Below are entries. Give back exactly the lines from the one containing "Silicone Replacement Band" through the one containing "Ohio State Wrestling", inclusive, without the pictures.

(Dataset records)

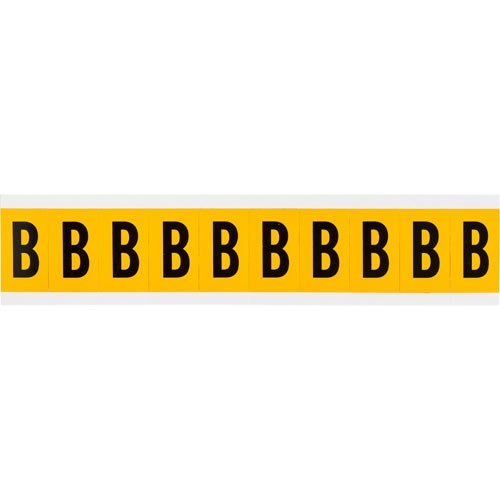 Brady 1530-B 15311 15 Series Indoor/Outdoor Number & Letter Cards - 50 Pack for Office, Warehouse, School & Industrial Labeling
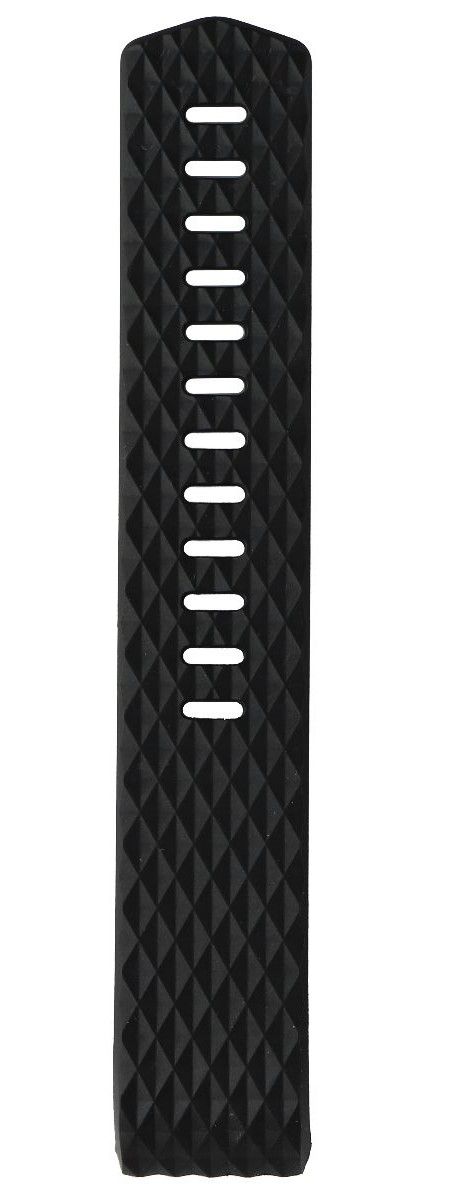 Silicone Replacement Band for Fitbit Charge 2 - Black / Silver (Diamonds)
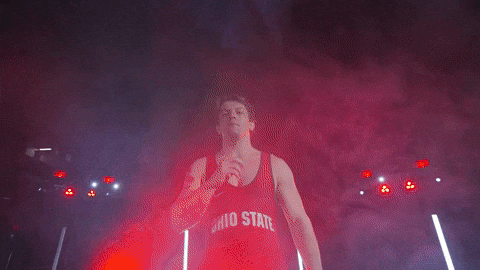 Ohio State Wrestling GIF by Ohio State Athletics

(End Dataset records)
(Dataset records)

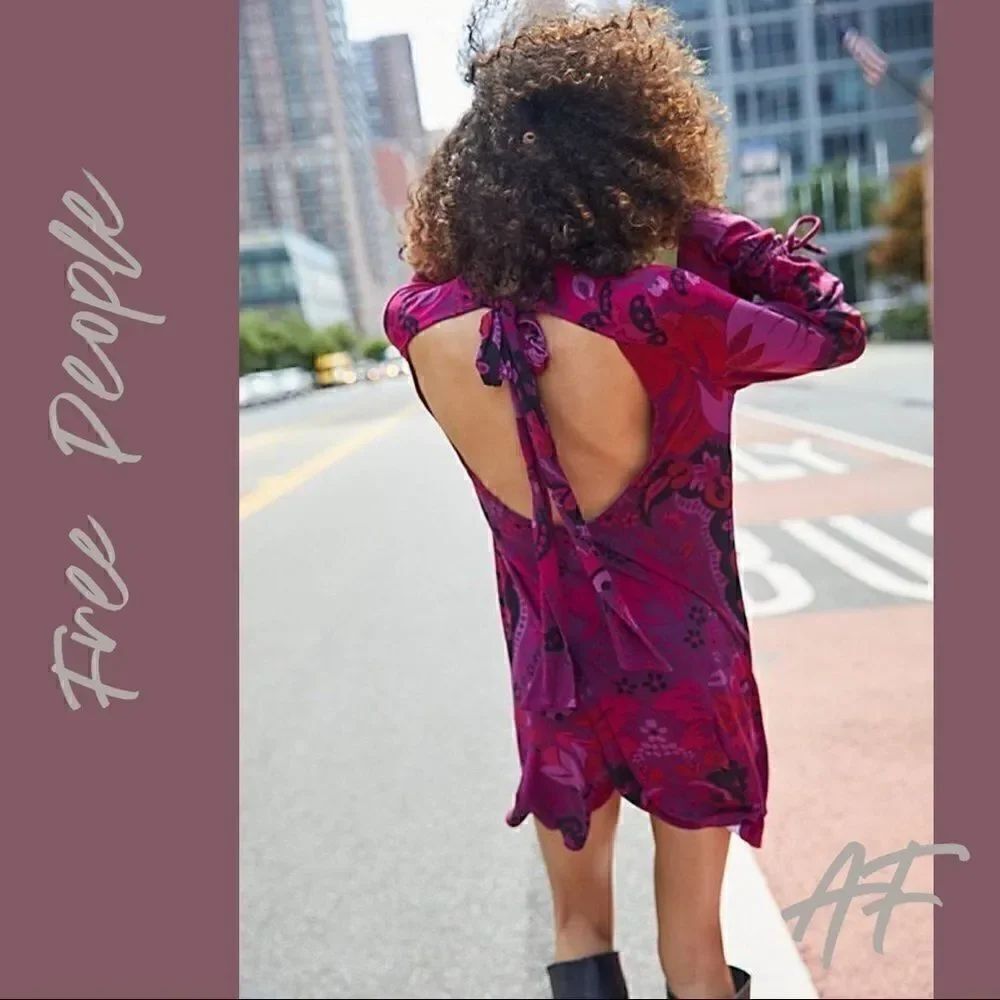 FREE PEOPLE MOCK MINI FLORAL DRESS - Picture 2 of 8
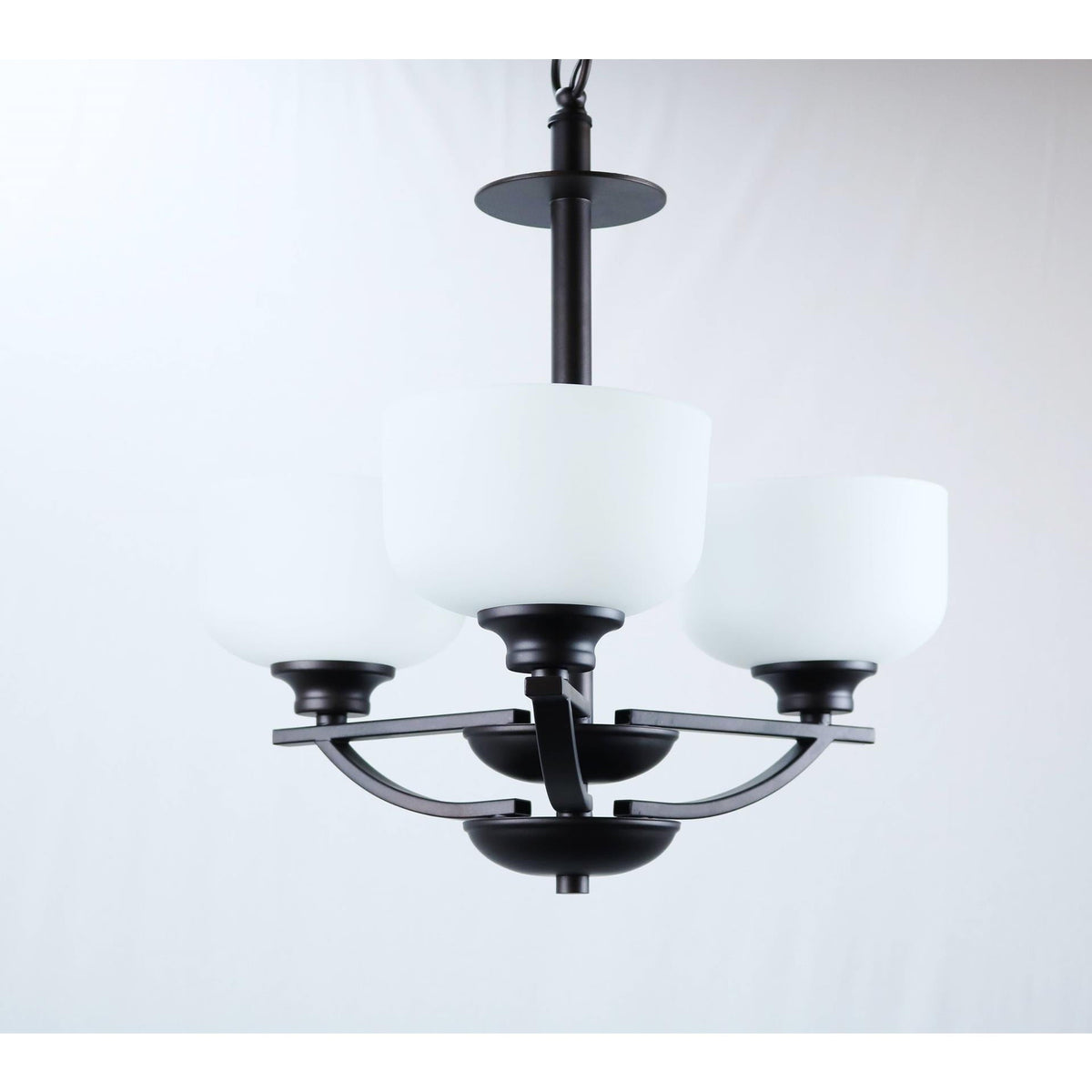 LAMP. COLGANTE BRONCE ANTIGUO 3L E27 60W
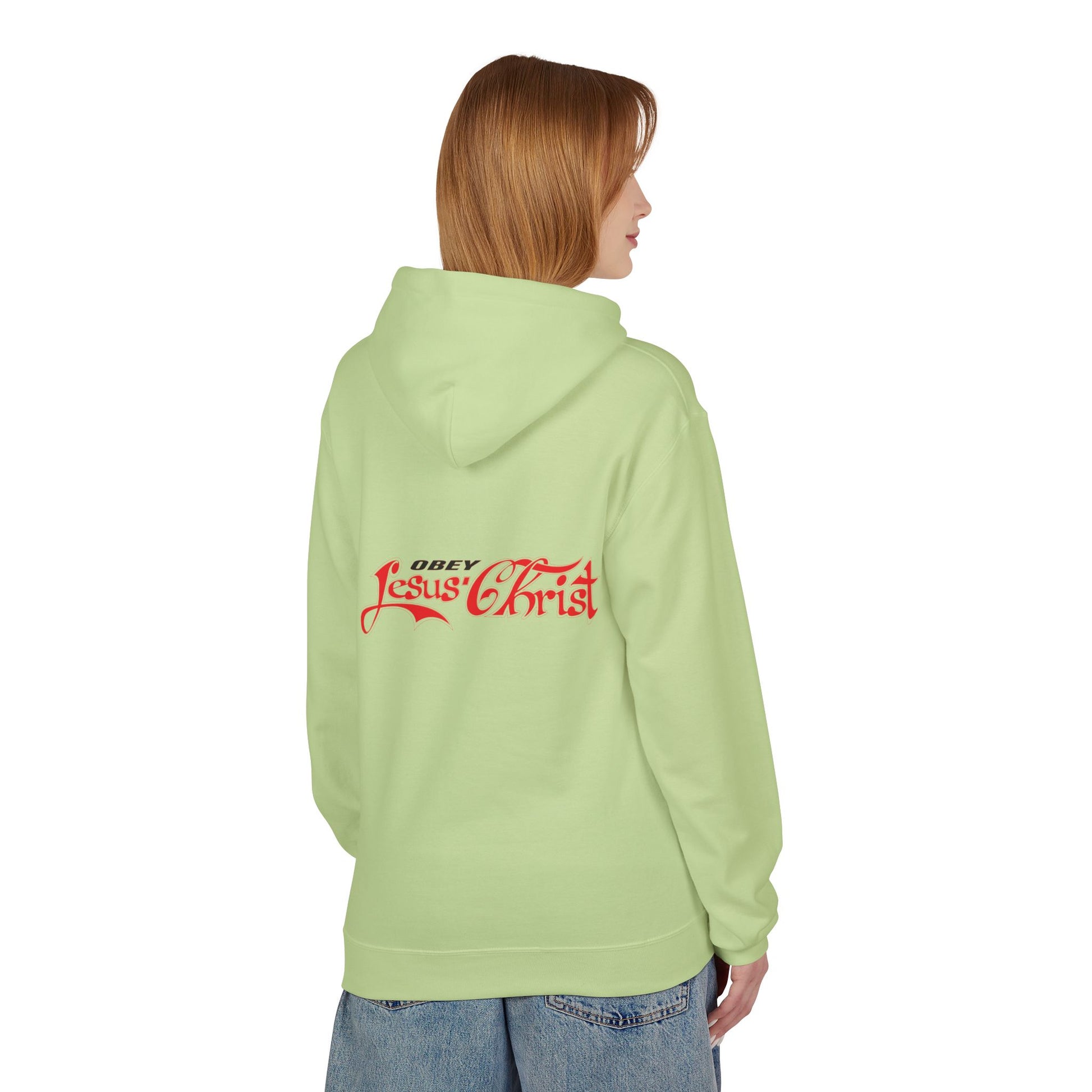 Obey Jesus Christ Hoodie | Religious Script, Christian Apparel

(End Dataset records)

▶ _The completed task_
 Silicone Replacement Band for Fitbit Charge 2 - Black / Silver (Diamonds)
 Ohio State Wrestling GIF by Ohio State Athletics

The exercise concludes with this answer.